Enhanced coherence length and interplane coupling by Ti doping in (Cu, Tl)-1223 superconductors: Para conductivity analyses

Abstract

The fluctuation induced conductivity (FIC) analyses of Ti doped (Cu0.5Tl0.5)Ba2(Ca2-xTix)Cu3O10-δ superconducting samples have been carried. Aslamazov-Larkin (AL) and Lawrance-Doniach (LD) models were used to study the FIC in the critical, 3D, 2D and 0D regions. Maki-Thompson (MT) model has been employed to study the effect of the Cooper-pairs on the normal electrons.
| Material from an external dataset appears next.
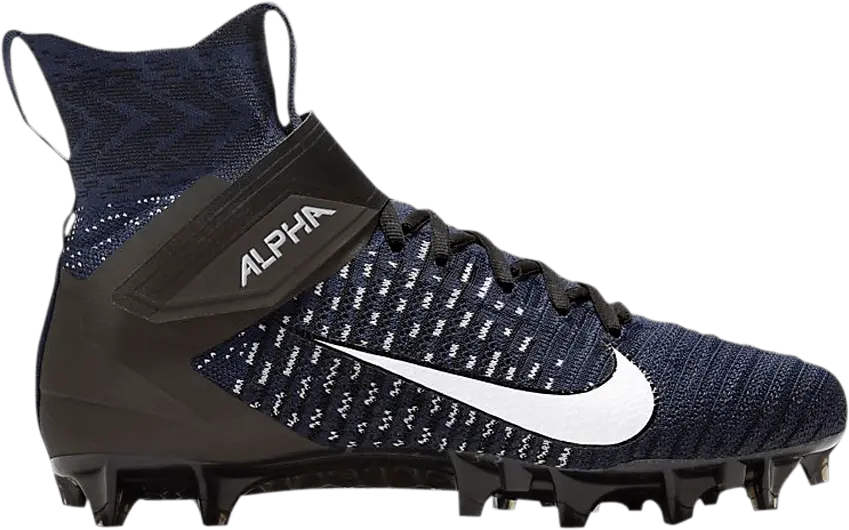  Nike Alpha Menace Elite 2 &#039;Midnight Navy&#039;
From these analyses the coherence length along the c-axis, ξc (0), the inter-plane coupling constant, J, the phase relaxation time, τφ , Fermi velocity, VF, and the energy essential for breaking apart the Cooper's pairs, E, are determined. From the cross-over temperature, TG, of critical to 3D regime the Ginsberg number, NG, has been calculated. Using NG and the Ginsburg–Landau (GL) equations, various important parameters like thermodynamic critical magnetic field, Bc(0), the lower critical field, Bc1(0), the upper critical field, Bc2(0), the critical current density, Jc (0), as well as the penetration depth, λp.d, have been calculated. Values of Tc, TG, Tcmf, ξc(0) and J are increased with the increasing Ti contents. All the fluctuation regimes have been shifted to higher temperature and the anisotropy is reduced with the doping of Ti. Also VF and E are found to enhance with Ti doping while the phase relaxation time is reduced. The most probable reason for all these improved parameters is the smaller ionic radius of Ti atom, which brings the CuO2 planes closer together thereby enhancing the density of Cooper pairs in the unit cell. The values of Bc(0), Bc1(0), and Jc(0) are suppressed while the values of λp.d and κ are increased with increased Ti contents. The suppression in the critical fields and current density may be attributed to the decrease in the free energy difference of the normal and superconducting states.